User-friendly bioanalytical techniques are still required to predict plasma concentrations of edoxaban in routine clinical practice and in phase IV clinical trials ongoing worldwide. At present, no drug that selectively neutralizes the anticoagulant effects of edoxaban has been marketed in Japan. According to patient interview forms, edoxaban is difficult to remove by hemodialysis. Therefore, the administration of concentrated red blood cells or fresh frozen plasma transfusion are considered as symptomatic treatments in patients whose plasma concentrations of oral thrombin or factor Xa inhibitors have become dangerously high [11]. In the current patient, blood coagulation disorder was observed; however, the patient was followed up for 100 h, because of the possibility of asymptomatic effects. Because the pharmacokinetics of edoxaban overdose were unknown, a clear follow-up period has not been set for emergency clinical practice.

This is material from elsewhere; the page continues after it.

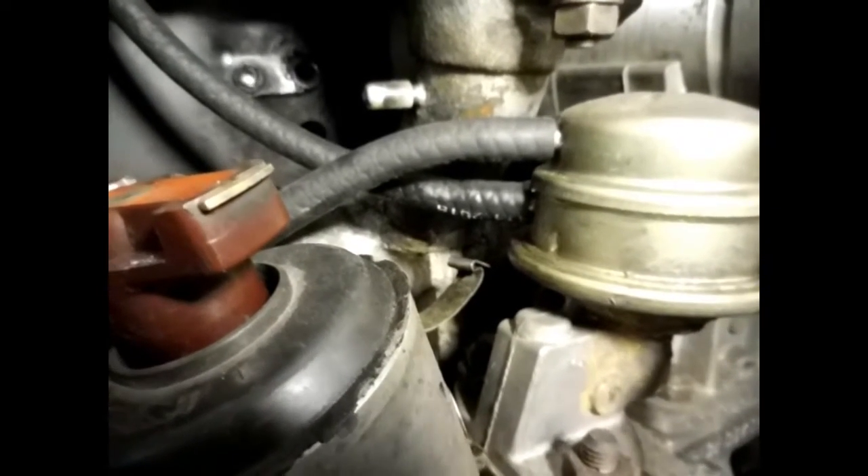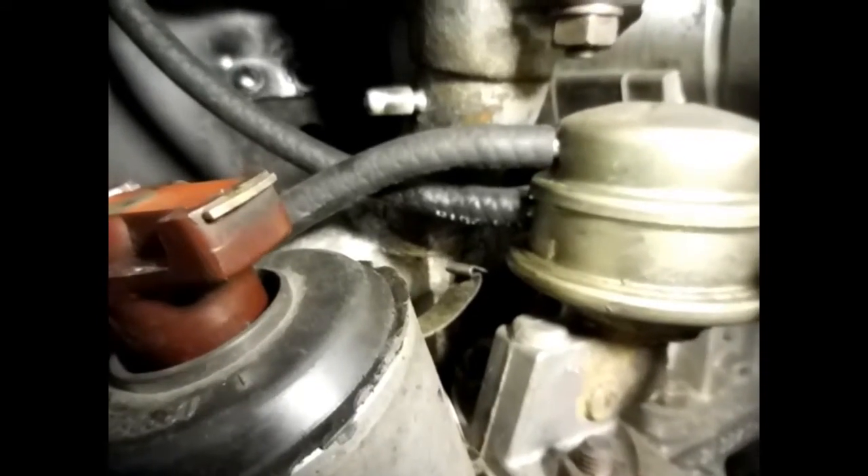Any of y'all that deals with hose clamps, y'all know what I'm talking about. They're going to put a little indention in the hose and it's going to leak. So we'll just run it like that for now, and I'll get to looking around. I'll find some actual hose clamps for it and fix it right.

In the present study, by using drug monitoring data and the results of pharmacokinetic prediction, we revealed the pharmacokinetics of edoxaban in a patient who took an overdose. It was evident that the PBPK model constructed as part of a previous study based on normal clinical oral doses of edoxaban [10] without any making changes with visualized blood concentration curves of drugs could be applied successfully in the clinical setting. Application of the PBPK model simulators may help in understanding the pharmacokinetics of edoxaban, in setting the follow-up period, and in determining whether to administer blood products and/or gastric lavage. Furthermore, this type of PBPK model simulator may be applicable for patients who have taken overdoses of other drugs.

The simplified PBPK model applied here is useful not only in the drug discovery or chemical risk assessment field but also in the management of poisoning. The simplified model simulator has the advantage that it can be handled by clinicians who are not experts in pharmacokinetics. Especially, in hospitals without systems for measuring blood levels of drugs routinely, the simplified PBPK model simulator should be of use. It is hoped that the results of this study with drug monitoring data and pharmacokinetic prediction will serve as an index when setting the treatment period in cases of overdoses of drugs such as edoxaban.